On Wed, Apr 10, 2013 at 04:48:17AM +0000, James Harper wrote:
...
...
On 2013-04-09 02:40, James Harper wrote:
...
I have a server that had 4 x 1.5TB disks installed in a RAID5
configuration (except /boot is a 'RAID1' across all 4 disks). One of
the disks failed recently and so was replaced with a 3TB disk,
I'd be very wary of running RAID5 on disks >2TB
Remember that, when you have a disk failure, in order to rebuild the
array, it
needs to scan every sector of every remaining disk, then write to every
sector of the replacement disk.
Debian does a complete scan every month anyway.

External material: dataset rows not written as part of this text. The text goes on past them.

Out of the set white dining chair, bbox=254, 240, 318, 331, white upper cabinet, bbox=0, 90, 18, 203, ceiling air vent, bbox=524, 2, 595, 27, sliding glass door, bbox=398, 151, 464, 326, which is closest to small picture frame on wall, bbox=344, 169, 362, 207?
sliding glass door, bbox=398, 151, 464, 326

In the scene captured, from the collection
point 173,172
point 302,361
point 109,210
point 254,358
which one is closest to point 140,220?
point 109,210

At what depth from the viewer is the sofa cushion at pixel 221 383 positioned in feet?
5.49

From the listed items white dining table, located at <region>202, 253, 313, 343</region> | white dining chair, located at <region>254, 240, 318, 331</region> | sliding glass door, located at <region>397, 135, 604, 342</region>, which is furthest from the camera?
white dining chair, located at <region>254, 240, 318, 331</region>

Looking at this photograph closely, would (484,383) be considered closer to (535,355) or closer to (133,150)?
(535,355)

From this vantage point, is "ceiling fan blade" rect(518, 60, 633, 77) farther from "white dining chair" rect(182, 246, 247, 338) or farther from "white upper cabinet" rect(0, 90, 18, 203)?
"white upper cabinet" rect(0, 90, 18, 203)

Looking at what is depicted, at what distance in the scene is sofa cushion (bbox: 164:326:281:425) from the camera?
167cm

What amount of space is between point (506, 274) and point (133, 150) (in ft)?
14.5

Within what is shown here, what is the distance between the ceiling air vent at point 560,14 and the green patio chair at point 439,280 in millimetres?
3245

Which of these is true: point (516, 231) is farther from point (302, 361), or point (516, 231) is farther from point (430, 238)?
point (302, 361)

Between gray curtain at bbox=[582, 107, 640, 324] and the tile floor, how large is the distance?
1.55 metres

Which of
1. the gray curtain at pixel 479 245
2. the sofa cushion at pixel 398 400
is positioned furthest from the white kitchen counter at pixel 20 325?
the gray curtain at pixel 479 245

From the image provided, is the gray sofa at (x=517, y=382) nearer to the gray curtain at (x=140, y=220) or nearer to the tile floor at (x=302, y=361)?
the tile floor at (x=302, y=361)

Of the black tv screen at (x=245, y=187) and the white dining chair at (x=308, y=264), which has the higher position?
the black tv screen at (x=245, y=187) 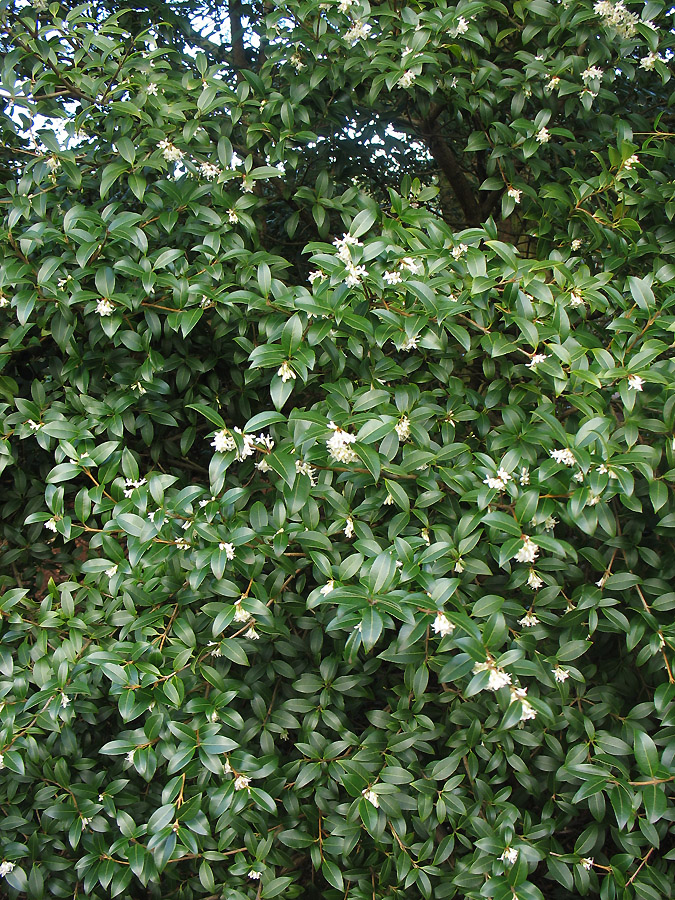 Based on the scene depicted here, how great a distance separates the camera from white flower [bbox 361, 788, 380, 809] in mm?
1584

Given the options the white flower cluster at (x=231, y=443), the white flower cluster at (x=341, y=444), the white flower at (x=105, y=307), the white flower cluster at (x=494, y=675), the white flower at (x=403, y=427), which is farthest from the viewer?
the white flower at (x=105, y=307)

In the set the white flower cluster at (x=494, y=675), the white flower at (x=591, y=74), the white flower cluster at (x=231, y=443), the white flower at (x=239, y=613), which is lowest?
the white flower at (x=239, y=613)

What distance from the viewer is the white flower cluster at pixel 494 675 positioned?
134 cm

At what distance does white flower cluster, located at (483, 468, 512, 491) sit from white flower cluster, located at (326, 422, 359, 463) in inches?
13.2

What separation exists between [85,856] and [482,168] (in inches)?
105

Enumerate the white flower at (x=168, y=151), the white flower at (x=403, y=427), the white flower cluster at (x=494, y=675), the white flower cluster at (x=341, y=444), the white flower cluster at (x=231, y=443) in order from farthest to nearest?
the white flower at (x=168, y=151), the white flower at (x=403, y=427), the white flower cluster at (x=231, y=443), the white flower cluster at (x=341, y=444), the white flower cluster at (x=494, y=675)

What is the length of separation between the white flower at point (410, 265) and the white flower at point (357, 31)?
84 centimetres

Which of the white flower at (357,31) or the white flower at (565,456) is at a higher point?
the white flower at (357,31)

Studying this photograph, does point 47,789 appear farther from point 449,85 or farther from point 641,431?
point 449,85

A HP raid controller
will basically be constantly (slowly) doing a background scan during
periods of low use.
And a full resync on my 4x3TB array only takes 6 hours, so the window
is pretty small.
with disks (and raid arrays) of that size, you also have to be concerned
about data errors as well as disk failures - you're pretty much
guaranteed to get some, either unrecoverable errors or, worse, silent
corruption of the data.
Guaranteed over what time period? It's easy to fault your logic as I just did a full scan of my array and it came up clean. If you say you are "guaranteed to get some" over, say, a 10 year period, then I guess that's fair enough. But as you don't specify a timeframe I can't really contest the point.

I can say though that I do monitor the SMART values which do track corrected and uncorrected error rates, and by extrapolating those figures I can say with confidence that there is not a guarantee of unrecoverable errors.
...
this is why error-detecting and error-correcting filesystems like ZFS and
btrfs exist - they're not just a good idea, they're essential with the large
disk and storage array sizes common today.
see, for example:
http://en.wikipedia.org/wiki/ZFS#Error_rates_in_harddisks
The part that says "not visible to the host software" kind of bothers me. AFAICS these are reported via SMART and are entirely visible, with some exceptions of poor SMART implementations.
...
personally, i wouldn't use raid-5 (or raid-6) any more.  I'd use ZFS
RAID-Z (raid5 equiv) or RAID-Z2 (raid6 equiv. with 2 parity disks)
instead.
Putting the error correction/detection in the filesystem bothers me. Putting it at the block device level would benefit a lot more infrastructure - LVM volumes for VM's, swap partitions, etc. I understand you can run those things on top of a filesystem also, but if you are doing this just to get the benefit of error correction then I think you might be doing it wrong.

Actually when I was checking over this email before hitting send it occurred to me that maybe I'm wrong about this, knowing next to nothing about ZFS as I do. Is a zpool virtual device like an LVM lv, and I can use it for things other than running ZFS filesystems on?
...
actually, i wouldn't have used RAID-5 without a good hardware raid
controller with non-volatile write cache - the performance sucks without
that - but ZFS allows you to use an SSD as ZIL (ZFS Intent Log or sync.
write cache) and as read cache.
For anything for which performance is a constraint I don't use RAID5 at all. This case is an exception in that it stores backup volumes from Bacula (eg streaming writes), and only needs to write as fast as data can come off the 1GBit/sec wire, so disk performance isn't an issue here as my array can easily handle 100mbytes/second streaming writes and backup compression means it never gets sent data that fast anyway.
...
if performance was more important than capacity, I'd use RAID-1 or
so-called raid-"10" or ZFS mirrored disks - a ZFS pool of mirrored pairs
is similar to raid-10 but with all the extra benefits (error detection,
volume management, snapshots, etc) of zfs.
Yes I use RAID10 almost exclusively these days.
...
ZFSonLinux just released version 0.61, which is the first release
they're happy to say is ready for production use. i've been using prior
versions for a year or two now(*) with no problems and just switched from
my locally compiled packages to their release .debs (for amd64 wheezy,
although they work find with sid too).
http://zfsonlinux.org/debian.html
Despite my reservations mentioned above, ZFS is still on my (long) list of things to look into and learn about, more so given that you say it is now considered stable :)
...
BTW, btrfs just got raid5/6 emulation support too...in a year or so
(after the early-adopter guinea pigs have discovered the bugs), it could
be worth considering that as an alternative. my own personal experience
with btrfs raid1 & raid10 emulation was quite bad, but some people swear
by it and lots of bugs have been fixed since i last used it. for large
disks and large arrays, it's still a better choice than ext3/4 or xfs.
As above, but I'll continue to let others find bugs :)

James